# I hate FLORIDA



## Woodro (Aug 31, 2005)

Are there any other fish that rip there prey to shreads when they eat??? everything i can get just eat there prey whole


----------



## reefer (Aug 3, 2005)

Payara?


----------



## lightning2004 (Jun 25, 2005)

Woodro said:


> Are there any other fish that rip there prey to shreads when they eat??? everything i can get just eat there prey whole
> [snapback]1175660[/snapback]​


just get bigger feeders or whatever your feeding,,then they cant swallow whole they will have no choice but to tear it to shreads..


----------



## PuffPiff (May 23, 2005)

sneak some P's from another state


----------



## "qickshot" (Apr 19, 2005)

oscars are pretty agressive


----------



## jan (Apr 24, 2004)

reefer said:


> Payara?
> [snapback]1175671[/snapback]​


Nah...Payara's only look agressive, but are pretty mild tempered. If you want agression and a lot of action during feeding time get some exodon's.


----------



## AKSkirmish (Jun 24, 2005)

speak for yourself guy i had two payara that were as aggressive as hell.


----------



## reefer (Aug 3, 2005)

Pedro has 3" payara that are already eating fish bigger then them.


----------



## Judazzz (Jan 13, 2003)

Since this is about piranha alternatives:
*_Moved to Non-Piranha General Discussion_*


----------



## teamevil (May 18, 2005)

get a arrow head puffer







trust me they are bas ass


----------



## teamevil (May 18, 2005)

and there freash water


----------



## Mettle (Dec 29, 2003)

Get a tank full of buenos aires tetras. They get 3" long and can be pretty mean. We toss crickets in with the ones at work and they maul it, ripping legs and bits off of it until it's dead.

Not a big giant fish or anything.
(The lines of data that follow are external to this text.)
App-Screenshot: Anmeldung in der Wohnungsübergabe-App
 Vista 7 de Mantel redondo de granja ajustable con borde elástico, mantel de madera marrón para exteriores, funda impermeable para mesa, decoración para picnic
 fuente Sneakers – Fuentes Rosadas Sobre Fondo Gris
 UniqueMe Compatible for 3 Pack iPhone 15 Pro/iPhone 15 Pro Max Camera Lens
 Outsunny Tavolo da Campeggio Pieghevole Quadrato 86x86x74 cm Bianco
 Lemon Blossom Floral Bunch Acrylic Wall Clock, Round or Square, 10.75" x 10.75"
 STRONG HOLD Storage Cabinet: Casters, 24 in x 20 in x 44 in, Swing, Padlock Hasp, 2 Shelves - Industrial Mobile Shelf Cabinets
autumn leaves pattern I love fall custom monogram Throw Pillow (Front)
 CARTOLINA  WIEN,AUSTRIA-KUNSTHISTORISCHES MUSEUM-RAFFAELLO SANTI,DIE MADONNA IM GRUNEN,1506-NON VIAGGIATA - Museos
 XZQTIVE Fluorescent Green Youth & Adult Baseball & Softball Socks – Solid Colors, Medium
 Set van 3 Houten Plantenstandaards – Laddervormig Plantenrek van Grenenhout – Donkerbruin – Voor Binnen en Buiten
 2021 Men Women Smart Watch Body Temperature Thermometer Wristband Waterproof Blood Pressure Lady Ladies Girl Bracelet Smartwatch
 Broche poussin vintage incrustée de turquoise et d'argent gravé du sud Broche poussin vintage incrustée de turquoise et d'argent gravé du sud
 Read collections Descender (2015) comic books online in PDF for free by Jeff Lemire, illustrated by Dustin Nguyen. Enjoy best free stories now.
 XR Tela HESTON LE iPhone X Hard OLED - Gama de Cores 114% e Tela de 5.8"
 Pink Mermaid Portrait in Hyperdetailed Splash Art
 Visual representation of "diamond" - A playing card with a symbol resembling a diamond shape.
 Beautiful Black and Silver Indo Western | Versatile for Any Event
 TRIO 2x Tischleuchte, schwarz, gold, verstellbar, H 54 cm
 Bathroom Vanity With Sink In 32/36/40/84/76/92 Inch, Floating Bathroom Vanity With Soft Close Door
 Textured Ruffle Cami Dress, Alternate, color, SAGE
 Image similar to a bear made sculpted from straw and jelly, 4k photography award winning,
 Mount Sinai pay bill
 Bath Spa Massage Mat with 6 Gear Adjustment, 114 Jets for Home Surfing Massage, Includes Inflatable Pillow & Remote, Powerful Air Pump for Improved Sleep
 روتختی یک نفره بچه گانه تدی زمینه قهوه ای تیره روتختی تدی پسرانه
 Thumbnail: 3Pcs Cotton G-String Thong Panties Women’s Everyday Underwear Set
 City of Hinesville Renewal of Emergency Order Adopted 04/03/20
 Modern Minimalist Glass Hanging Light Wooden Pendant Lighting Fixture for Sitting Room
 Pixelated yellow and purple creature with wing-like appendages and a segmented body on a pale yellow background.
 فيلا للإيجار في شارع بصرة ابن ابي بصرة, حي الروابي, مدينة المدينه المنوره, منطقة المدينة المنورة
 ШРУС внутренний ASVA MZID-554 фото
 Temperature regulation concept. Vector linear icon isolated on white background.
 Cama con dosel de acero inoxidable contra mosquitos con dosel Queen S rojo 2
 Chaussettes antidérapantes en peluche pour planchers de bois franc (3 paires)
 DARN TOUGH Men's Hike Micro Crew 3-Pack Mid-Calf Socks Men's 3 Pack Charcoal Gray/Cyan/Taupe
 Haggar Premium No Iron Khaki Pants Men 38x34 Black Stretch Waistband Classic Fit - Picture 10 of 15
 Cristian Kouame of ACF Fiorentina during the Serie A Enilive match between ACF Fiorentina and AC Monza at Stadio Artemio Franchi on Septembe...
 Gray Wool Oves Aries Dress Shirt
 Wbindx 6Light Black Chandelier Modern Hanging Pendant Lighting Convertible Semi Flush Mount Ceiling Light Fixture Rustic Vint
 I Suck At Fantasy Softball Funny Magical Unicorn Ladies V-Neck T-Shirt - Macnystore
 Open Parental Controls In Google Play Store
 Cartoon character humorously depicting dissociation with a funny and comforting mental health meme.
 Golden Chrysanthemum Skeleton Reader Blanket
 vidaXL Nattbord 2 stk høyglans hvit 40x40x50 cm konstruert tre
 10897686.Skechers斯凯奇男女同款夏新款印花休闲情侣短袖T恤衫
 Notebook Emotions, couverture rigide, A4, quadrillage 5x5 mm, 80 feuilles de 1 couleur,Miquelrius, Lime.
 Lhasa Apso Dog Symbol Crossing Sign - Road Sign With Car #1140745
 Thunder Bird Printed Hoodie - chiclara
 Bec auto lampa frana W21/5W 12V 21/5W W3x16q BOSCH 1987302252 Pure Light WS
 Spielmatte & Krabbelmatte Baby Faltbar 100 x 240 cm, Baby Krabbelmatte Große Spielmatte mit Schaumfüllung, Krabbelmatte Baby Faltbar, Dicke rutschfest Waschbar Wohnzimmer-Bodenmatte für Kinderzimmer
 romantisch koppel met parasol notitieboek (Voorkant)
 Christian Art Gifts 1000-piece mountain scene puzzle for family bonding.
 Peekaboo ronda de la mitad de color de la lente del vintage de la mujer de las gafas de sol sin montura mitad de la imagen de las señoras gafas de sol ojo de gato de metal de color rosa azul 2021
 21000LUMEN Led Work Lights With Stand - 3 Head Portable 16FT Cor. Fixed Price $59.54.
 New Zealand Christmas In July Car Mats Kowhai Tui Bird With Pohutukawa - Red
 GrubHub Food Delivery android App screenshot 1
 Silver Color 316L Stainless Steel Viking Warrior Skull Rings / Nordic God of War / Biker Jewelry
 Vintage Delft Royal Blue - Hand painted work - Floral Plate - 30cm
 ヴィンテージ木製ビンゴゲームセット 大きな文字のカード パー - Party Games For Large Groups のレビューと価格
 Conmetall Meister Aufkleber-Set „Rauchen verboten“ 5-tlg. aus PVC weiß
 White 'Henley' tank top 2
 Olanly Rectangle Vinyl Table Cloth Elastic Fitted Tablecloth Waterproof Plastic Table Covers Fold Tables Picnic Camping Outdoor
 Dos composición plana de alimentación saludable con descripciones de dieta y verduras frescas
But still cool, I think.


----------



## Woodro (Aug 31, 2005)

well it seemed a lil silly but your right every site i got to says those buenos aires tetras are a mean SOB if you don't feed them on time...well that is when they get bigger


----------



## Serygo (May 17, 2004)

YOUR IN FLORIDA!!!!
Go fishing for some pbass, Midas,,, anything...


----------



## scent troll (Apr 4, 2005)

dovii will rip prey apart too big to fit in their mouth. 
however, a shoal of reds and a small flightless animal are always a good mix. and by small flightless animal i mean a midget....


----------



## SERRAPYGO (Feb 4, 2003)

3xtacie said:


> YOUR IN FLORIDA!!!!
> Go fishing for some pbass, Midas,,, anything...
> [snapback]1177727[/snapback]​


Exactly! Go drag a shark out of the ocean.


----------



## rbp 4 135 (Mar 2, 2004)

ya dude you should have urau midas, jags and other pimp fish in your local waters.


----------



## Woodro (Aug 31, 2005)

i live in mid florida so all i got is bass speck and gars.....


----------